◆ Exercise brief
The reply should hold every entry exactly as written and none of the pictures.

◆ Input records
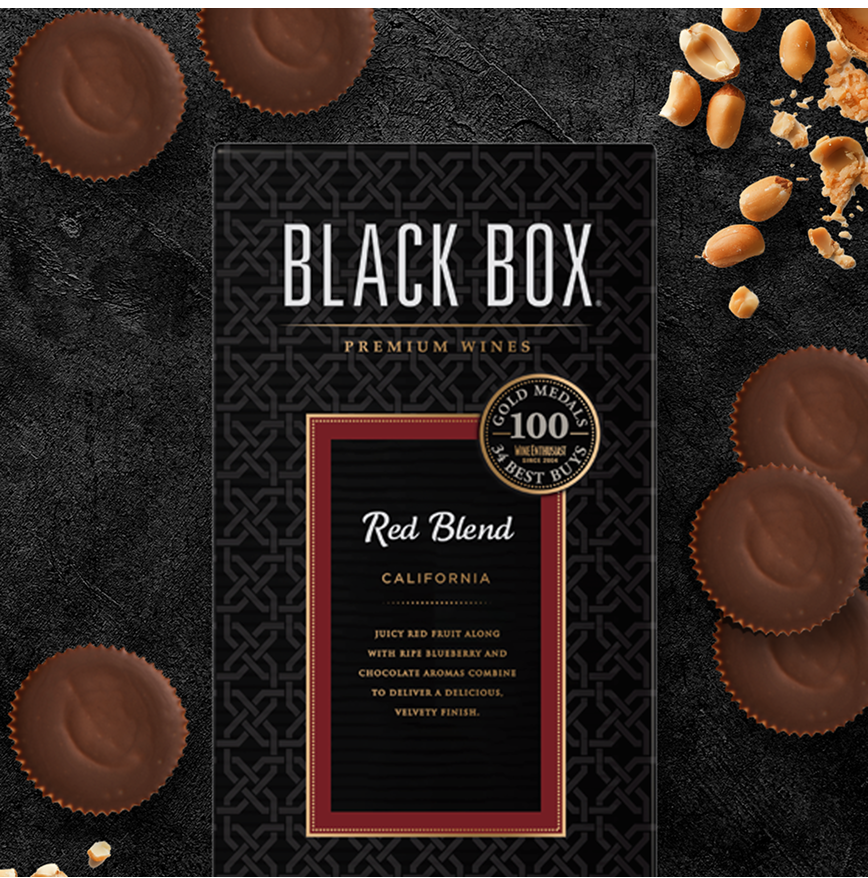 Red Blend and peanut butter pairing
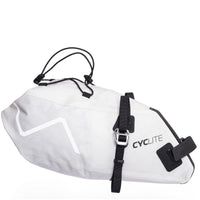 CYCLITE Saddle Bag Small 8 - Satteltasche (Bikepacking) 38 cm (gris claro)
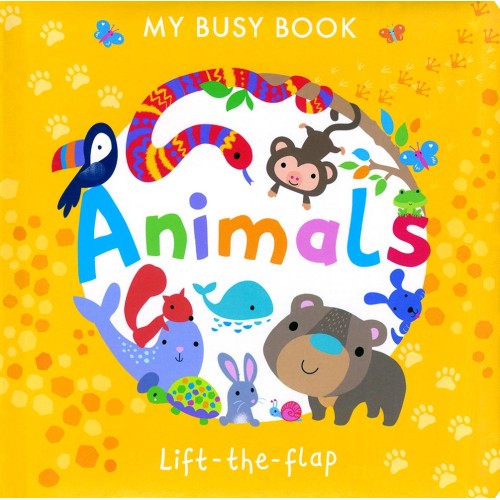 My Busy Book  Animals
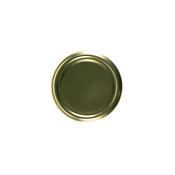 82mm - Pale Gold Twist off Cap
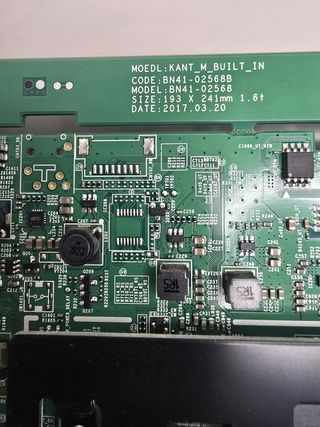 Despiece TV Samsung UE40MU6105K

◆ Exercise result
 Red Blend and peanut butter pairing
 CYCLITE Saddle Bag Small 8 - Satteltasche (Bikepacking) 38 cm (gris claro)
 My Busy Book  Animals
 82mm - Pale Gold Twist off Cap
 Despiece TV Samsung UE40MU6105K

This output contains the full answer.